Sunway University’s Yeah Kim Leng said the influential international credit rating agency also signalled the country’s stable growth and fiscal performance over the near term.
“It is noteworthy that the agency remains sanguine of the performance of the Malaysian economy this year which it expects to expand at 6.1% despite the gathering headwinds facing the global economy, particularly the two largest economies, US and China,” he told Bernama.
Bank Islam Malaysia Bhd chief economist Afzanizam Abdul Rashid said factors such as being a net energy exporter and a major producer of crude palm oil as well as the easing of pandemic restrictions would be the key drivers for growth.
“The way I see it, it is a vote of confidence from the rating agency for our government finances. This essentially will open the fiscal space as the government needs to ensure economic growth prospects remain intact.

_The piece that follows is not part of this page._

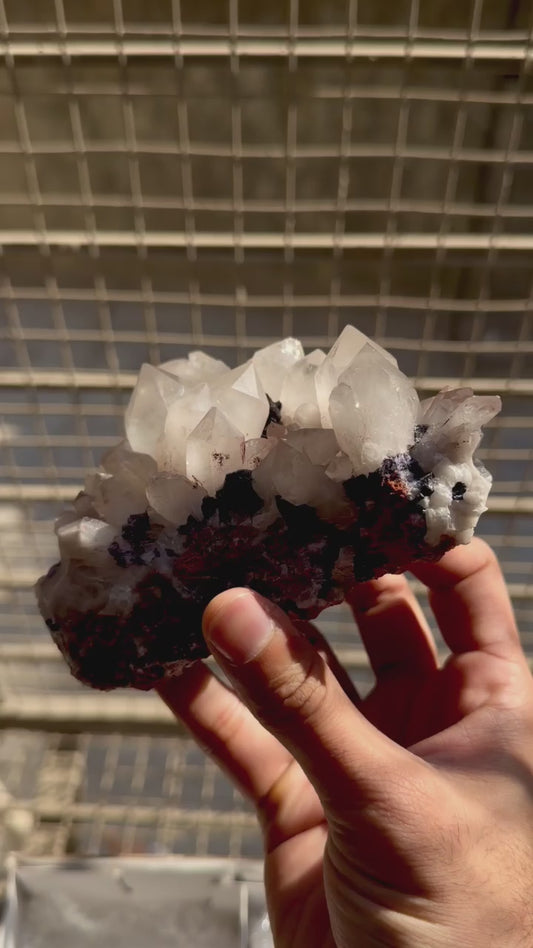 Fluorite on Quartz - 2.3 KGS, 11PCS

“Laying out a roadmap for fiscal consolidation would also help to build credibility and confidence,” he said. “In a way, this could also help stabilise our ringgit.”
RHB group chief economist Sailesh K Jha said the S&P outlook upgrade implied that some fiscal reforms could be coming.
“In our view, the surprise S&P upgrade to Malaysia’s sovereign outlook to stable from negative and affirmation of its long-term foreign currency debt rating at A-, implies that fiscal reforms could be coming within the next 12 months.
“The near-term implications for financial markets are neutral since it remains to be seen what these fiscal reforms will be and the timing of implementation of these policies,” he said in a research note.
He said although it was too early to tell, the balance of risks was tilted towards the goods and services tax (GST) not being included in the initial announcement of Budget 2023 but could be announced in March 2023 with the implementation towards the latter part of 2023 or early 2024.
“The GST rates could be in the low single digits and could potentially be implemented in a tiered manner with luxury goods being one component and normal goods being another component.
“Alternatively, if GST reforms aren’t possible in the foreseeable future, corporate taxes could be raised as part of Budget 2023,” he said.
On Monday, S&P Global Ratings upgraded Malaysia’s sovereign rating outlook to stable from negative.
It also projected Malaysia’s economy to grow at 6.1% in 2022 and 5% in 2023 supported by strong exports, high commodity prices and domestic demand following the reopening of the economy.
The rating agency also affirmed the “A-” long-term and “A-2” short-term foreign currency sovereign credit ratings as well as Malaysia’s “A” long-term and “A-1” short-term local currency ratings.